Review: Strategic Reputation Management

About the author
Richard Bailey Hon FCIPR is editor of PR Academy Insights. He has taught and assessed undergraduate, postgraduate and professional students.

Strategic Reputation Management: Identify strengths, manage performance and protect your brand
Amanda Coleman
2025, Kogan Page, 213 pages
‘Public relations is about reputation – the result of what you do, what you say and what others say about you’. The opening to the CIPR’s definition of public relations is well known. It’s a neat phrase – but there’s a problem with it.
Post Office PR advisers will have believed they were protecting the organisation’s reputation when they dismissed claims about the failure of the Horizon IT system that led to the persecution and prosecution of many subpostmasters. And so does every powerful person using the law to protect themselves from public scrutiny.
In other words, reputation management is gaining a bad reputation.
Tony Langham is one author of a book on reputation who has recently revised his view.
‘In 2018 I wrote a book proclaiming that reputation management was the future of corporate communications and public relations. Six years on, I’m not so sure… The term “reputation management” now conjures images of digital dark arts or legions of lawyers working for bad people.’
Amanda Coleman has a strong reputation for her expertise in crisis communication. What’s her take on reputation management in her latest book?
She certainly admits to doubts up front. ‘Throughout my career I have often wrestled with the concept of reputation management,’ she writes at the start of the preface.
Her argument is that the conventional formula needs to be turned on its head. Rather than public relations being seen as all about reputation, reputation needs to be viewed as about more than public relations. ‘Reputation management is about the whole of the business, brand, or organization.’
The book talks us through the concept of reputation and the principles of reputation management with practical advice on building, protecting and repairing reputations and understanding the relationship between reputation and crisis.
There’s a brief survey of the history of reputation management. This leads to a revised definition of reputation: ‘the way an organization or business is viewed by individuals and groups.’
Reputation is the way an organization or business is viewed by individuals and groups.

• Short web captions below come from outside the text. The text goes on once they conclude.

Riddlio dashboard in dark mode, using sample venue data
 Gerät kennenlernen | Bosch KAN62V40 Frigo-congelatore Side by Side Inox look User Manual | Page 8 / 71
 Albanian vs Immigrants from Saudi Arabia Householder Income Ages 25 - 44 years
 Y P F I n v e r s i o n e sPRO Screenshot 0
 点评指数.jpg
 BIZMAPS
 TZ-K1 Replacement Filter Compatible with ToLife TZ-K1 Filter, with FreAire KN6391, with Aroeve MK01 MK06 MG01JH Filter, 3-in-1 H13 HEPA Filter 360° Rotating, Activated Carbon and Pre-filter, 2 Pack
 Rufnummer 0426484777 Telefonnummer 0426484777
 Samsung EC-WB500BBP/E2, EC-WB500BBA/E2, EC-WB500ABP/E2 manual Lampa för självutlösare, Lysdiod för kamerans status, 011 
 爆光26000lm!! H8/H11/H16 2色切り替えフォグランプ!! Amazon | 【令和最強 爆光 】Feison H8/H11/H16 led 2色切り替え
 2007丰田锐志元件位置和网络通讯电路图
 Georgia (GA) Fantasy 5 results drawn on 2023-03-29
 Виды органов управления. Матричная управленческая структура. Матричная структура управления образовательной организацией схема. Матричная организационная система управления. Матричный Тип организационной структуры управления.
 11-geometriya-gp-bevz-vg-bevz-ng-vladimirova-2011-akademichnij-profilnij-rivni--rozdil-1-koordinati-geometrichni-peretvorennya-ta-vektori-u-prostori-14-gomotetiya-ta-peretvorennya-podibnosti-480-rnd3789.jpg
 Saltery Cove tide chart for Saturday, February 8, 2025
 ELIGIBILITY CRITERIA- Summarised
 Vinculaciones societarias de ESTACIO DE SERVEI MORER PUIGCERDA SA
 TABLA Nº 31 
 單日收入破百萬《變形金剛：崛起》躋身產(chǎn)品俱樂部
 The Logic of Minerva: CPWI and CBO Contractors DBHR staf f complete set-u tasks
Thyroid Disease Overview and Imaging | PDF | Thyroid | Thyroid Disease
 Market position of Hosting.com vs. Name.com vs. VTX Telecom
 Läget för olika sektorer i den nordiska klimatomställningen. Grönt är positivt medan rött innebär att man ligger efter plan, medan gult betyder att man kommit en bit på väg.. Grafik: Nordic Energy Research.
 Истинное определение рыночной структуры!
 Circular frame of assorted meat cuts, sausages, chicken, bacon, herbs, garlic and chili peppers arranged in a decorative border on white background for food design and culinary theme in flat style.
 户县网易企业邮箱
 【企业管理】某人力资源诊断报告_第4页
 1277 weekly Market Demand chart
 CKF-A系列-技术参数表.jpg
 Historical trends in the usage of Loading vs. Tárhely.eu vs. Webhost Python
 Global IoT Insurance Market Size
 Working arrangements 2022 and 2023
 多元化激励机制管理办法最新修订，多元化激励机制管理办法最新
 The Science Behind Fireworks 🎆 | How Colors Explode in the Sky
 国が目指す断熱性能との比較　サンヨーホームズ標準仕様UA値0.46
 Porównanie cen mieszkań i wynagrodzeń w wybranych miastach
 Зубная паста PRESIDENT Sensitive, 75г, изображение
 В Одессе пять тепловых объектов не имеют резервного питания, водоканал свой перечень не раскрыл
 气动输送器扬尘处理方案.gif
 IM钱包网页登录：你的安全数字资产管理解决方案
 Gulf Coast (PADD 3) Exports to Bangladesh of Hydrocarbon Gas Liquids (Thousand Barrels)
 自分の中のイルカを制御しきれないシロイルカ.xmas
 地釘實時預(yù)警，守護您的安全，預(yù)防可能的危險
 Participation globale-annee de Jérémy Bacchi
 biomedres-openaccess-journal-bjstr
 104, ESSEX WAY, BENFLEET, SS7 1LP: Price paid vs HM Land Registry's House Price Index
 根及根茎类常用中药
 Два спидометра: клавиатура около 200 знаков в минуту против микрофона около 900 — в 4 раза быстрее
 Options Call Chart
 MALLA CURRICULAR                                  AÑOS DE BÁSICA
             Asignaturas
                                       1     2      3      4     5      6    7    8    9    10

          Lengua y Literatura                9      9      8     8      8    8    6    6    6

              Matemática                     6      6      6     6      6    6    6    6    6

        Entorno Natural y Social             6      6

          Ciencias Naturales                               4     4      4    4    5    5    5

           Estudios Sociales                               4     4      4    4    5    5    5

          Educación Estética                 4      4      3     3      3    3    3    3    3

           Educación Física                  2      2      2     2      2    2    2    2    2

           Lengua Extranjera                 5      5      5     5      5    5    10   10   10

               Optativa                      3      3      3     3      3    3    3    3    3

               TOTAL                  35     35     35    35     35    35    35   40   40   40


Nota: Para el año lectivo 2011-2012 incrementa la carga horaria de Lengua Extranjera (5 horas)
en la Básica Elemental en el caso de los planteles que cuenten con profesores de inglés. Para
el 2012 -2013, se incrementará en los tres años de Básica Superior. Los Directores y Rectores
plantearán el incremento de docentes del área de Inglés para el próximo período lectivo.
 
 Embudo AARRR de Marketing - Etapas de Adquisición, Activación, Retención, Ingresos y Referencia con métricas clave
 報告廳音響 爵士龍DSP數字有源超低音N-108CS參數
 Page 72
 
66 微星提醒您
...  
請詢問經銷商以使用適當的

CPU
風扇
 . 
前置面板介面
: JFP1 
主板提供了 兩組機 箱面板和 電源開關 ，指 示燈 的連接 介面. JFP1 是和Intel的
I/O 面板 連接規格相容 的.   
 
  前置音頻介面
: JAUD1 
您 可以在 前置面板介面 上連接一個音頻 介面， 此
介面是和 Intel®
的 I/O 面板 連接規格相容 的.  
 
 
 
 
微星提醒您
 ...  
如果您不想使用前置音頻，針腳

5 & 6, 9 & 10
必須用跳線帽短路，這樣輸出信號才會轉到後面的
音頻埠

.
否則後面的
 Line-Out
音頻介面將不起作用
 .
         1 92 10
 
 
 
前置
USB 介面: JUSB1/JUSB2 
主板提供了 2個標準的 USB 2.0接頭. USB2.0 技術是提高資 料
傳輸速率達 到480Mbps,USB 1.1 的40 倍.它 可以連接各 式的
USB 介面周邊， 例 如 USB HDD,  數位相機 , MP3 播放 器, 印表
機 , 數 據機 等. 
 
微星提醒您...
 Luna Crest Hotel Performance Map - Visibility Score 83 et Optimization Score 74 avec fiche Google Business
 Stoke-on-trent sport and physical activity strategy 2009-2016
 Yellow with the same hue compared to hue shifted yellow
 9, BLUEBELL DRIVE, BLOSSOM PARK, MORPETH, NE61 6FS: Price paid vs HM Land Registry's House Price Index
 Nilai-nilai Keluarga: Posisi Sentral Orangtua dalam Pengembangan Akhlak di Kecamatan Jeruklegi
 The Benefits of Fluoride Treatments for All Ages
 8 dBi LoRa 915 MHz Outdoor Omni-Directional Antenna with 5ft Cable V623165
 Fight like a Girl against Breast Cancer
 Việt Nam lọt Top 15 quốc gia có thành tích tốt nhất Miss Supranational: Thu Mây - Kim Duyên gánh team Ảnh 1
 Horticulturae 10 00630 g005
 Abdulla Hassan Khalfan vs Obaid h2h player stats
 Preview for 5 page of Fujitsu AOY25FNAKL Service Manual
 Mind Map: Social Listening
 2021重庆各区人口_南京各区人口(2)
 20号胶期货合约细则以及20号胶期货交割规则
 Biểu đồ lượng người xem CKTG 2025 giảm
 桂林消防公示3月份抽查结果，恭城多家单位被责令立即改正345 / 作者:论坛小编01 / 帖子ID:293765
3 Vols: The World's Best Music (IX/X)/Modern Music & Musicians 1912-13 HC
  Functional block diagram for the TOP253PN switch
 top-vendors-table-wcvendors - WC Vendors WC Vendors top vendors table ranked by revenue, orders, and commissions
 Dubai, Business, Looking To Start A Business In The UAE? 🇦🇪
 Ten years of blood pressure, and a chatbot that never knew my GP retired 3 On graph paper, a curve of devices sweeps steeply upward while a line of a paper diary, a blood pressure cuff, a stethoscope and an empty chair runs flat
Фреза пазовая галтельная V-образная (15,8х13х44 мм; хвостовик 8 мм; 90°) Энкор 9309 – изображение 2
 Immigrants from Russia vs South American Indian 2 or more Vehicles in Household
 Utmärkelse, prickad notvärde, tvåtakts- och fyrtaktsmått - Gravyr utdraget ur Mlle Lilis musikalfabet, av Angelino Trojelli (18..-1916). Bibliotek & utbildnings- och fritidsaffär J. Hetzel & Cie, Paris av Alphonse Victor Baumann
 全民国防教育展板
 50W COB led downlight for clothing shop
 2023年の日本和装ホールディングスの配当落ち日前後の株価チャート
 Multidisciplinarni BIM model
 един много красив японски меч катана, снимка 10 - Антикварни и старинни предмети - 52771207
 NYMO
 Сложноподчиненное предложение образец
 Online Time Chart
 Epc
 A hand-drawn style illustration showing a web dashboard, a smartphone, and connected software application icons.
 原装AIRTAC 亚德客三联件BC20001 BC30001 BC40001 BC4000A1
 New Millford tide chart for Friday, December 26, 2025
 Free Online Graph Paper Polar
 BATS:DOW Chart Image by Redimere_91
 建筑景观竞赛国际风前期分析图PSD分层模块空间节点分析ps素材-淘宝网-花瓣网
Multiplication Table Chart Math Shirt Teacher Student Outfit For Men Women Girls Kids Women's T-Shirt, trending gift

Though simple, this effectively deals with the Post Office problem of misguided reputation management, because the organisation is clearly viewed less favourably since the details of the Horizon scandal have emerged. An effective strategic reputation management approach would have addressed the problem sooner and with greater transparency, even though this might have caused a loss of face and even a loss of employment for some senior Post Office executives.
Public relations advisers should first, like doctors, ensure they do no harm. This is a fundamental ethical principle, and it’s good to see that ethics is given a whole chapter in the book.
Her revised definition of reputation leads to the insight that measuring reputation should involve an active exercise in listening to stakeholders. Conventional measures of reputation have primarily been applicable to stock market listed private sector businesses (eg shareholder value). It’s been much harder to measure and monitor the reputation of a public sector or third sector organisation.
This leads to a question I posed to the author when I first saw the proofs of this book. Why is it that reputation crises so often seem to affect public sector and third sector organisations even though they exist to serve the public interest in a way that private business does not? I had speculated about the quality of management but perhaps the more obvious explanation is accountability: profits, share price, shareholder value, a board including non-executive directors are all ways of holding a private sector CEO accountable. Is there the same level of scrutiny and accountability when it comes to the head of a university, a hospital trust, a charity or a police force? Is this part of the new role of public relations, acting as we’re told it should in the public interest?
Coleman’s conclusion is that reputation should be viewed as part of business resilience. ‘This elevates reputation management and influence from the realms of PR and communication and places it as a strategic business function.’
The author addresses the paradoxes – the exceptions to the rule. Ryanair is Europe’s largest airline, though it seems to revel in having a poor reputation. Amazon (and the other giant technology companies) are widely condemned yet have achieved near monopolies. ‘Most businesses and organizations are not able to operate with a disregard to emerging challenges and negative perceptions. Where Amazon is little impacted by a minor protest against it, smaller businesses would be affected more significantly.’ The rules simply do not apply to these giants.
Coleman is on solid ground when she addresses the risk, issues and crisis cycle, though this is also the space where Andrew Griffin’s 2014 book on Crisis, Issues and Reputation Management also published by Kogan Page remains the classic text.
She addresses propaganda, fake news and misinformation throughout. Though artificial intelligence is mentioned, there is so much more that could have been considered. Do we now need to add AI into our stakeholder mapping exercises because of the threat of reputational damage from non-human actors?
People have always been at the heart of reputational crises. Until now.